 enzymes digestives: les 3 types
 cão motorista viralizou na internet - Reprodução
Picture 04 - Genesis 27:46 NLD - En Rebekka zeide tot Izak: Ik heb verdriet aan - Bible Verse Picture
= = = = = = =
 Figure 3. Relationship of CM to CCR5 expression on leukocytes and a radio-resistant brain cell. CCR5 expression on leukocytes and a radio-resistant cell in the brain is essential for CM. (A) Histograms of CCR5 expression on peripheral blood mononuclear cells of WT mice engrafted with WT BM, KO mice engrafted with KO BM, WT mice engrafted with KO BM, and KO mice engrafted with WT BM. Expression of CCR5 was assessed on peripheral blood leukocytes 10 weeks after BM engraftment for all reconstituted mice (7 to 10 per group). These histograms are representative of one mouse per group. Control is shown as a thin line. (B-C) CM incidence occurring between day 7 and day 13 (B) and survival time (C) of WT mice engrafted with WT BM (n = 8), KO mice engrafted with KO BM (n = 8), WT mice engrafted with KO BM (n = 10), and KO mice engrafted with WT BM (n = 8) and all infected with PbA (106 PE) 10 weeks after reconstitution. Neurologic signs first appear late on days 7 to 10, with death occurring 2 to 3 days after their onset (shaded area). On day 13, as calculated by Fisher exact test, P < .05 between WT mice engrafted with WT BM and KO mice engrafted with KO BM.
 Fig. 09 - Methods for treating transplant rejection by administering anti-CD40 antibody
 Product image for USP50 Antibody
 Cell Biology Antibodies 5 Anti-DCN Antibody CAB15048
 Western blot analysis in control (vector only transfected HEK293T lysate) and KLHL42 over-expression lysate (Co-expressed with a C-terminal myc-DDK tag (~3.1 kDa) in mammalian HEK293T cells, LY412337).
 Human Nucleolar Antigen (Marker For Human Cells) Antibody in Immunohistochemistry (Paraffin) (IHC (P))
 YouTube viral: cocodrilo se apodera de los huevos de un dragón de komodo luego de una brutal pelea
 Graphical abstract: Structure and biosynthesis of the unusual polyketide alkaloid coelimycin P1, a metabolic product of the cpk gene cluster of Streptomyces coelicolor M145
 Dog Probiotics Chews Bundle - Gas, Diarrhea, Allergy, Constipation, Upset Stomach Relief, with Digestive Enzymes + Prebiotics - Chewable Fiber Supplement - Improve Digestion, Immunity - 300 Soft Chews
= = = = = = =
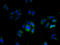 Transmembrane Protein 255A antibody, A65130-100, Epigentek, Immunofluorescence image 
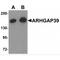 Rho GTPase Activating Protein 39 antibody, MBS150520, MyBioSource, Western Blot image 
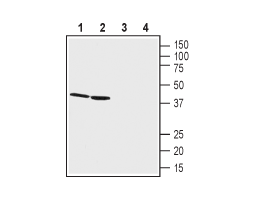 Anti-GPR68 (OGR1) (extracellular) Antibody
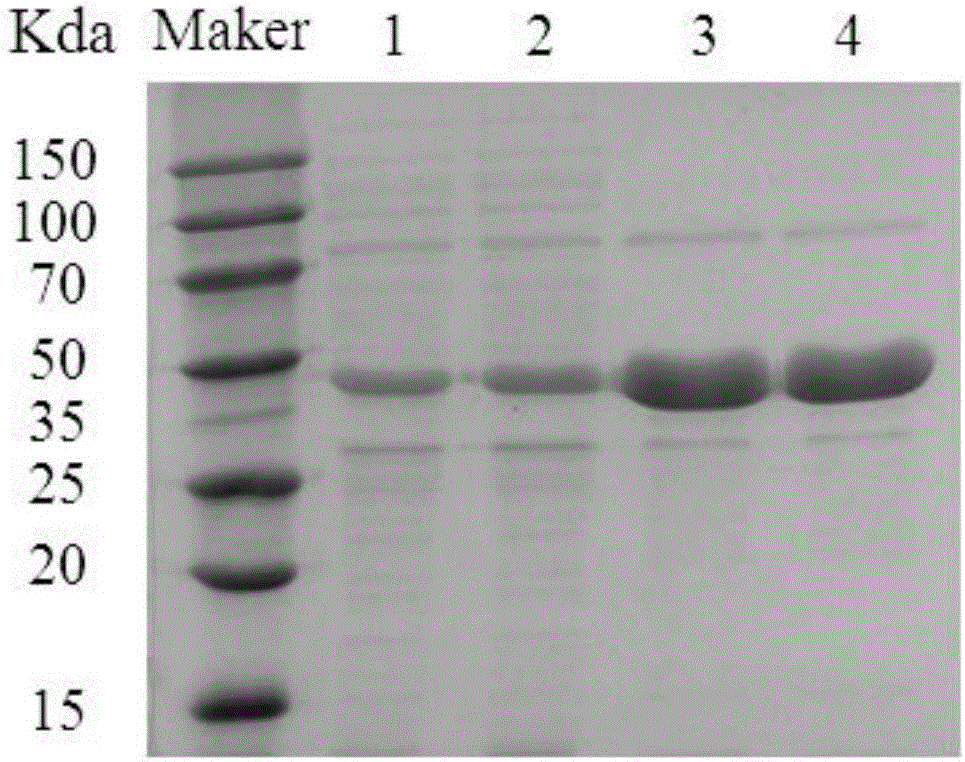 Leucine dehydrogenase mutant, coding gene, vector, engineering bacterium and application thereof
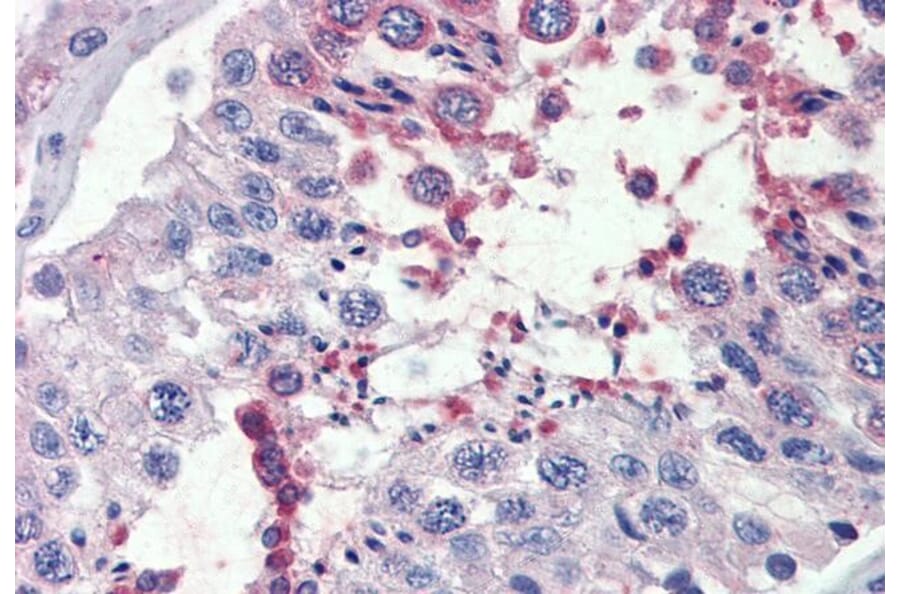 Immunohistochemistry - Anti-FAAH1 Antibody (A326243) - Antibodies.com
= = = = = = =
* WHAT IS NEEDED
For the listing above, print only the lines starting at the line containing "enzymes digestives: les 3 types" and ending at the line containing "Picture 04 - Genesis", exactly, both included.

* EXERCISE RESULT
 enzymes digestives: les 3 types
 cão motorista viralizou na internet - Reprodução
Picture 04 - Genesis 27:46 NLD - En Rebekka zeide tot Izak: Ik heb verdriet aan - Bible Verse Picture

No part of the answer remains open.